KIND is a constant object containing string discriminants that identify the structural role of a JSON token. Always use these constants for comparisons to avoid typos.

Kind Value
KIND.NULL "null"
KIND.FALSE "false"
KIND.TRUE "true"
KIND.STRING "string"
KIND.NUMBER "number"
KIND.OBJECT_BEGIN "{"
KIND.OBJECT_END "}"
KIND.ARRAY_BEGIN "["
KIND.ARRAY_END "]"

You can check a token's kind with token.kind === KIND.STRING or use helper methods like token.isScalar(), token.isStructural(), etc.

Error

jsontext throws standard JavaScript errors (TypeError, RangeError, SyntaxError) for programmer mistakes such as invalid arguments or type mismatches. For malformed JSON input, it throws the custom SyntacticError described below.

SyntacticError

When input violates The JavaScript Object Notation, it throws a SyntacticError carrying both the byte offset and the JSON pointer to help pinpoint the exact failure.

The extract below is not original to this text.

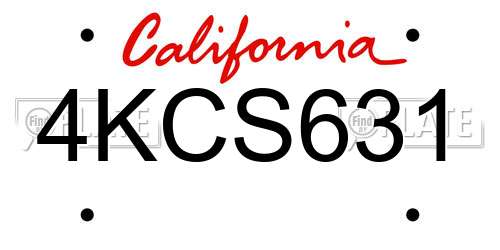 4KCS631 California License Plate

import { JSONTextDecoder, SyntacticError } from "jsontext";

try {
  const encoder = new TextEncoder();
  const decoder = new JSONTextDecoder(encoder.encode(`{"a": 1, "b": }`));

  decoder.end();

  while (decoder.readToken() !== undefined) {
    /* ... */
  }
} catch (error) {
  if (error instanceof SyntacticError) {
    console.error(error.offset);
    console.error(error.pointer);
    console.error(error.message);
  }
}

Performance

jsontext is designed for flat memory usage regardless of input size. The following shows a passthrough run on a 1 GB file — heap stays near baseline throughout:

Passthrough Result

For full profiling results across passthrough, round-trip, and query scenarios, see docs/performance.md.

Examples

Below are some simple examples demonstrating how to use jsontext for common JSON processing tasks. For more examples, see the docs/.

Replace null with an empty string

In this example, we read a JSON stream from an API endpoint, replace all null values with empty strings, and write the modified JSON back out as a stream without ever materializing the whole document in memory.

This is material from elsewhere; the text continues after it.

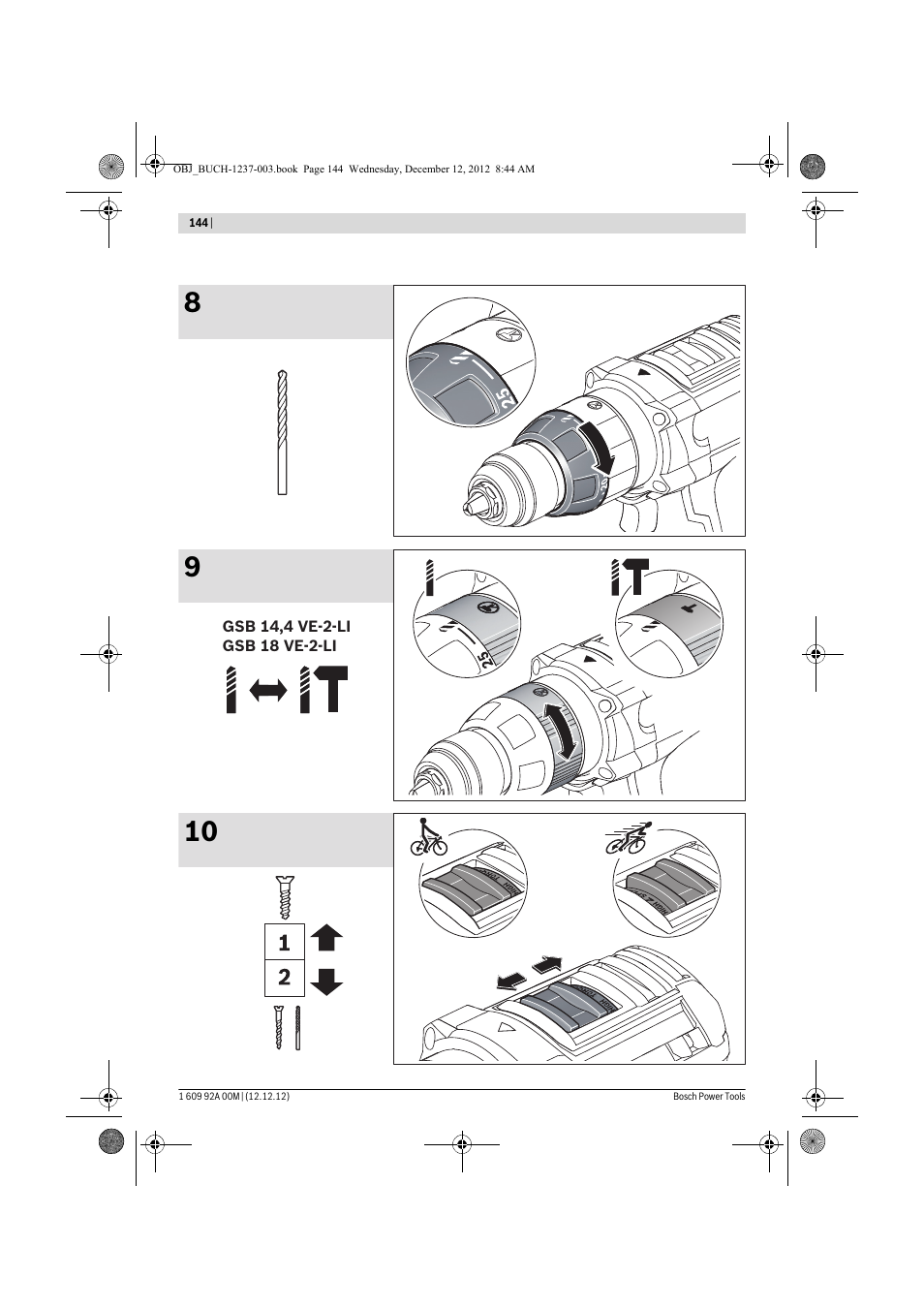 Bosch GSR 14,4 VE-2-LI Professional User Manual | Page 144 / 146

import { JSONTextDecoderStream, JSONTextEncoderStream, KIND, Token } from "jsontext";

const response = await fetch("your.api/endpoint");

if (!response.ok || !response.body) {
  throw new Error("Failed to fetch data");
}

const decoder = new JSONTextDecoderStream();
const encoder = new JSONTextEncoderStream();
const replacer = new TransformStream({
  transform(token, controller) {
    if (token.kind === KIND.NULL) { // Detect a `null` token
      controller.enqueue(Token.fromString("")); // Emit an empty string token instead
    } else {
      controller.enqueue(token);
    }
  },
});

const stream = response.body.pipeThrough(decoder).pipeThrough(replacer).pipeThrough(encoder);
const blob = await new Response(stream).blob();

Tip

JSONTextDecoderStream supports token-level processing only. If you need to replace values that may be nested inside objects or arrays, you will need to use JSONTextDecoder directly.

License

This project is licensed under the MIT License.

Acknowledgements

This project is inspired by Go's encoding/json/jsontext standard library.